Under Texas election law, a candidate cannot be removed from the ballot with fewer than 74 days left before the election, a deadline that falls on Aug. 25 this year. Four days later, the candidate’s party must certify a replacement nominee. On Sept. 6, the secretary of state must certify the ballot. On Sept. 7, the secretary “strongly recommends that the ballot be sent to the printer,” said Scott Haywood, a spokesman for the secretary of state’s office.
That gives Republicans a likely timeframe for a ruling from the appellate court.
Without a quick decision on the recent ruling that forces DeLay to stay on the ballot, Republicans would not have much time to introduce a new candidate to voters. And DeLay would be able to mount only a brief campaign against the Democratic nominee, former Rep. Nick Lampson, who in turn would get a lengthy period during which to boost his name identification and sell his candidacy in the district while running unopposed.
Facing the loss of a Republican seat, the Texas delegation is awaiting a ruling from the appeals court and does not have a strategy in response to either outcome, members said this week.
“We’re following it like the rest of the world,” said Rep. Kevin Brady (R-Texas).
Despite casual conversations among Texas Republicans, the delegation has not had an official meeting to discuss developments in DeLay’s former district. Members are expected to talk about it at length during lunch today.

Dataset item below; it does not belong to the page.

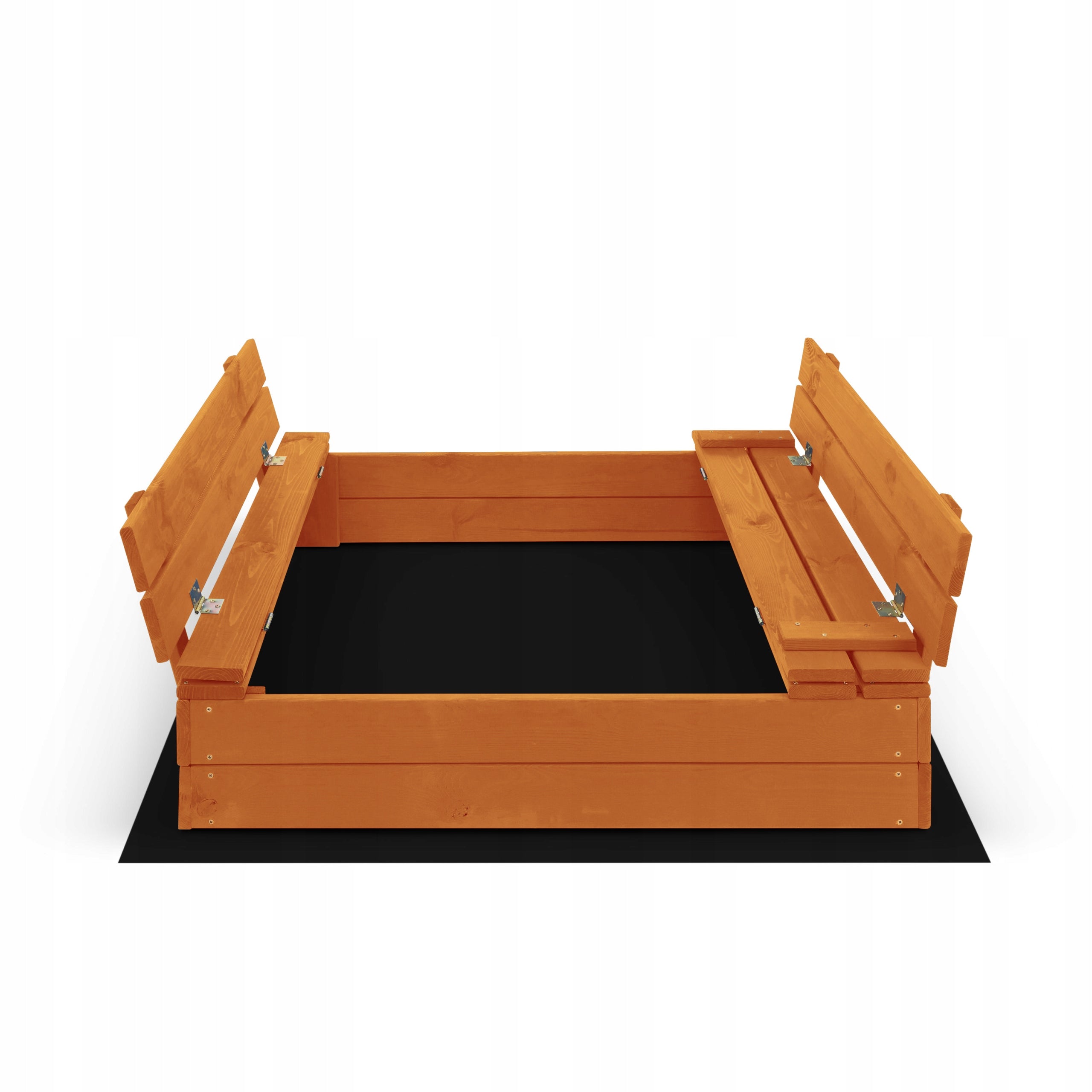 Sandbox Impregnated Wooden Lockable + Freebie Agrotextile Manufacturer code 100 IMP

Rep. John Carter (R-Texas) and others said they are confident that the judges will realize the implications and rule on the appeal as quickly as possible.
“They understand the politics,” Carter said.

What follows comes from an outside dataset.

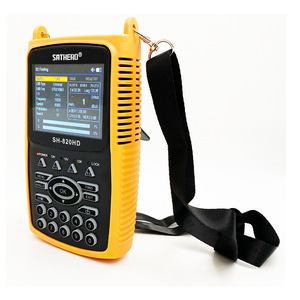 SH-820HD sathero WS-6933 kỹ thuật số vệ tinh Finder Máy nghe nhạc <span class=keywords><strong>HD</strong></span> Sao Finder <span class=keywords><strong>DVB</strong></span>-S2 H.265 1080P LNB S2 S2 + T2 S2 + T2 + T2 + CCTV - Product Image 4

But prolonged litigation is possible because the parties have competing interests, a senior Republican lawyer said.
Replacement candidates could sue because they were excluded from the nominating process, voters could sue because their votes would be diluted by voting for a candidate who might not serve in Congress, the Texas Republican Party could sue to regain control of its nominating process, and the state of Texas could try to defend its election statutes in federal court.
“Ballot-access cases are always goofy and go back and forth,” the Republican lawyer said, adding that DeLay is “on the outside looking in. It’s not really about him.”

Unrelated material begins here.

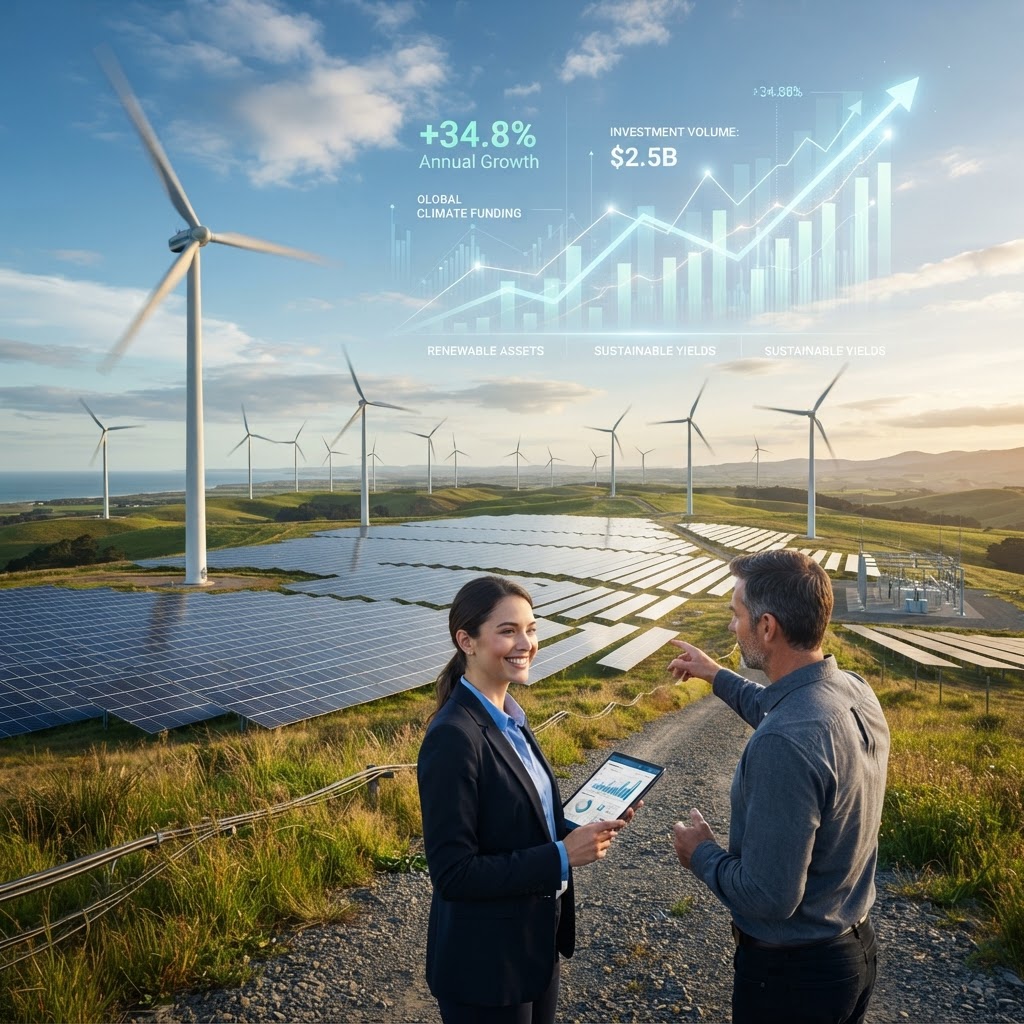 Climate-Tech Funding Reaches Record Highs in 2026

House Republican aides defended DeLay by noting that Rep. Lane Evans (D-Ill.), who announced he would retire from Congress because of illness after winning the primary in March, was replaced on the ballot by candidate selected by party officials.
In New Jersey’s Senate race in 2002, Sen. Robert Torricelli (D-N.J.) resigned amid scandal 15 days after New Jersey state law allowed. The state Supreme Court allowed Democrats to print new ballots with Sen. Frank Lautenberg’s name, and the Supreme Court refused to hear an appeal lodged by the GOP.
“You can’t read state law in a technical way to trump voters’ and parties’ choices,” the GOP lawyer said.
DeLay has adopted a wait-and-see approach.
“There’s not a huge benefit to DeLay by starting the campaign right now and having us shut it down in [a few] weeks,” a knowledgeable source said.
Meanwhile, he appears to be moving on with life as a private citizen. His wife, Christine, sent invitations last week for a reception at Citigroup’s offices to honor donors who helped fund Rio Bend, DeLay’s foundation that has built several homes for foster children.
“I would be honored if you would consider joining Tommy and I to give us the opportunity to express our deepest appreciation to those who have helped ‘build brighter futures for children,’” the invitation reads.
“P.S.: It is ‘truly’ a thank you event!”
After DeLay resigned from Congress in June and moved to Virginia, Democrats sued the Texas Republican Party, which had declared him ineligible to run. A federal district-court judge ruled last week that DeLay had to remain a candidate even though he moved from his home in Sugar Land, Texas.
At the urging of Travis County District Attorney Ronnie Earle, a Texas grand jury indicted DeLay last year on charges of money laundering and conspiracy in a campaign-finance case; DeLay stepped down as majority leader in January and announced his resignation from Congress in April.